Problem description =>
For every record below, repeat the text exactly and pass over any image.
[Start of section]
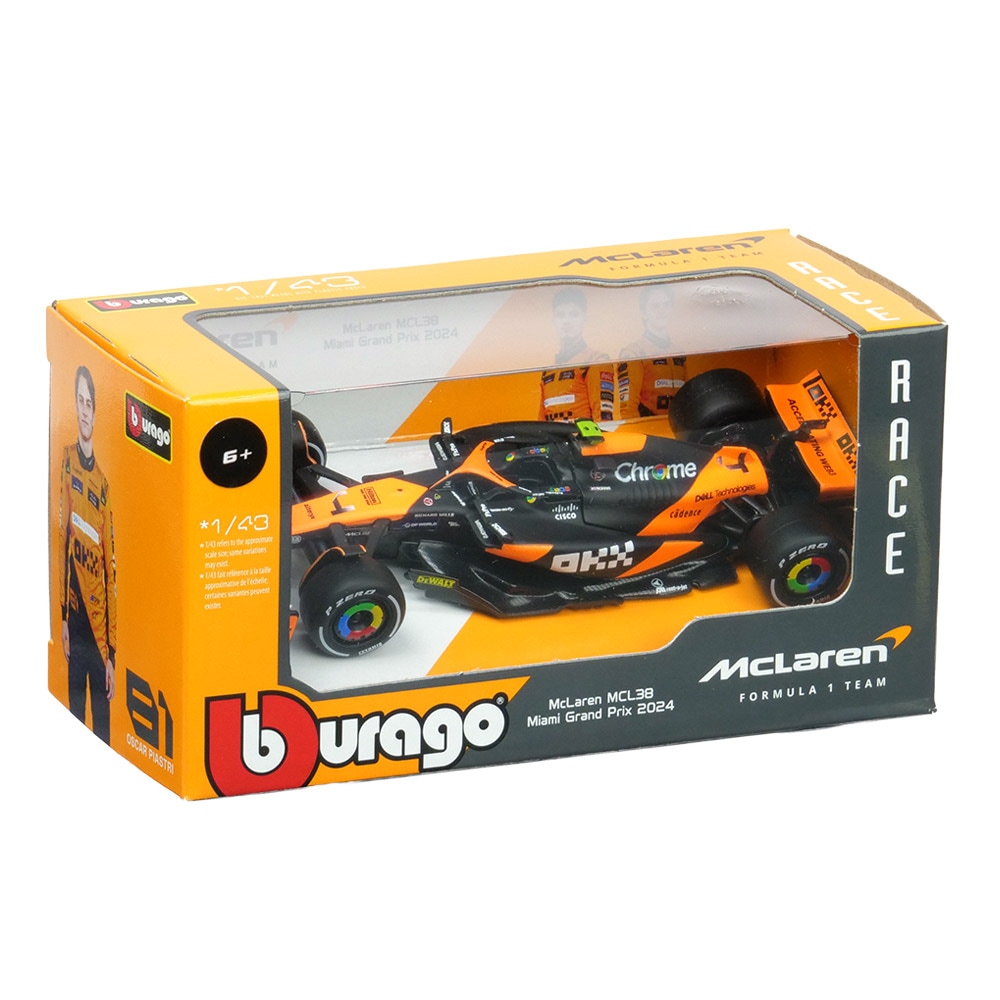 Bburago 1/43スケール マクラーレン F1 チーム MCL38 マイアミGP 2024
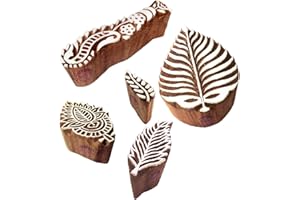 Royal Kraft Élégant Designs Feuille Palmier et Floral Bois Timbre Blocs (Set de 5)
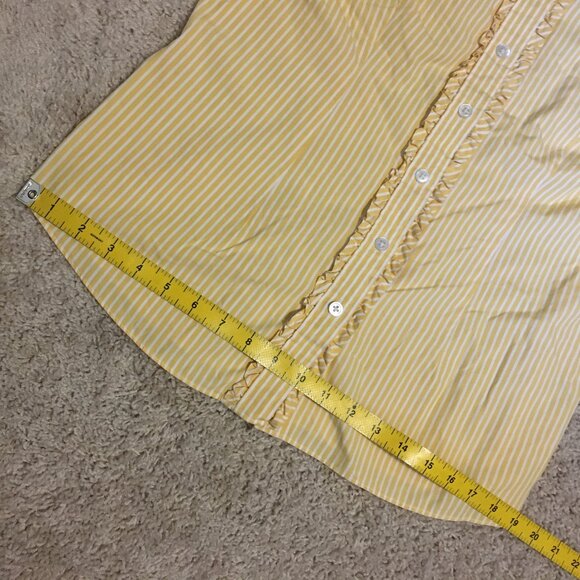 Lands' End Yellow & White Pinstripe Ruffle Trim Button Down Shirt - Picture 14 of 16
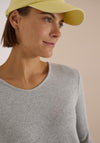 Cecil Ribbed Long Sleeve Top, Grey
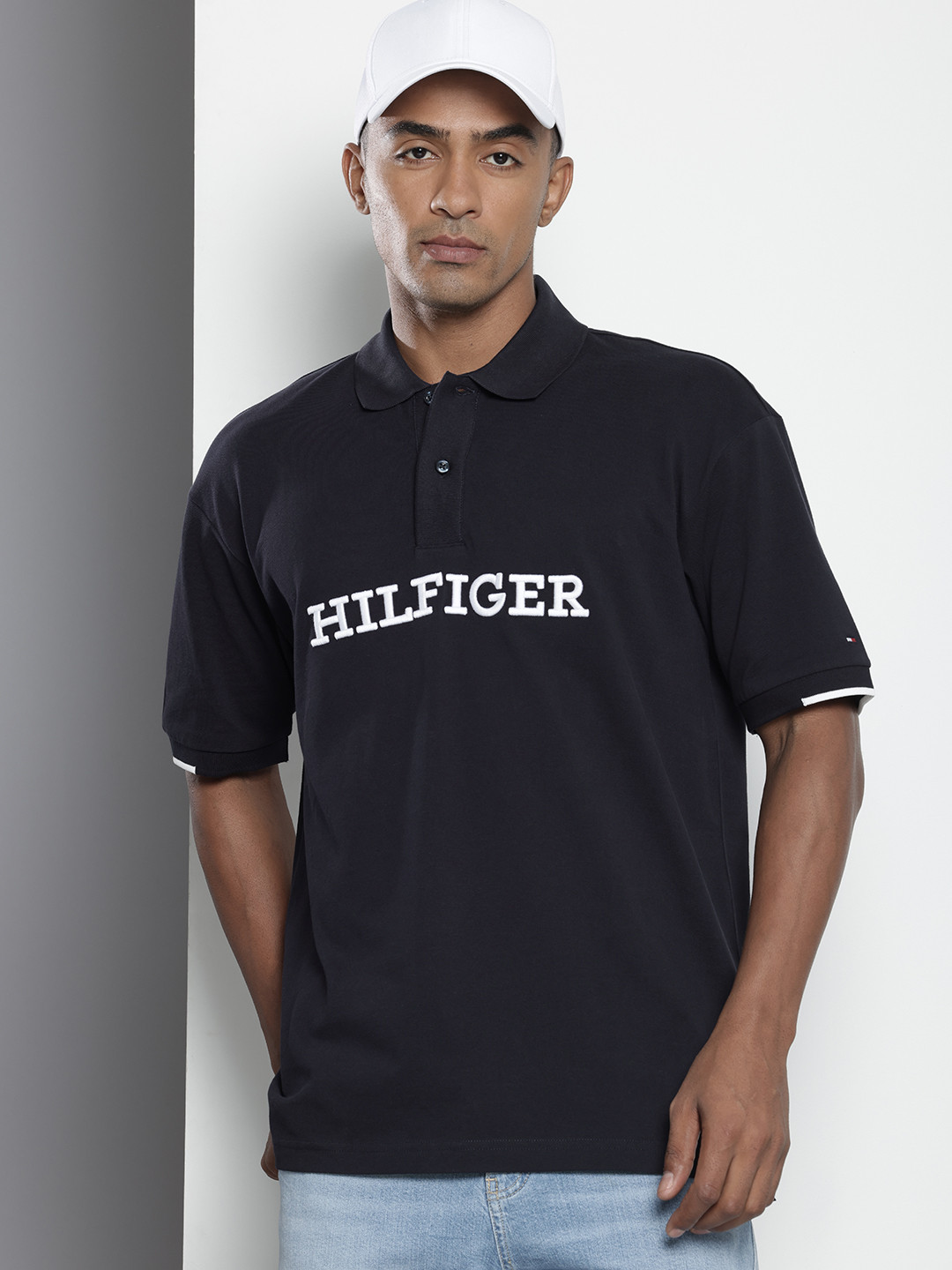 Tommy Hilfiger Pure Cotton Embroidered Archive Fit Drop-Shoulder Sleeves T-shirt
[End of section]
Output for this exercise =>
 Bburago 1/43スケール マクラーレン F1 チーム MCL38 マイアミGP 2024
 Royal Kraft Élégant Designs Feuille Palmier et Floral Bois Timbre Blocs (Set de 5)
 Lands' End Yellow & White Pinstripe Ruffle Trim Button Down Shirt - Picture 14 of 16
 Cecil Ribbed Long Sleeve Top, Grey
 Tommy Hilfiger Pure Cotton Embroidered Archive Fit Drop-Shoulder Sleeves T-shirt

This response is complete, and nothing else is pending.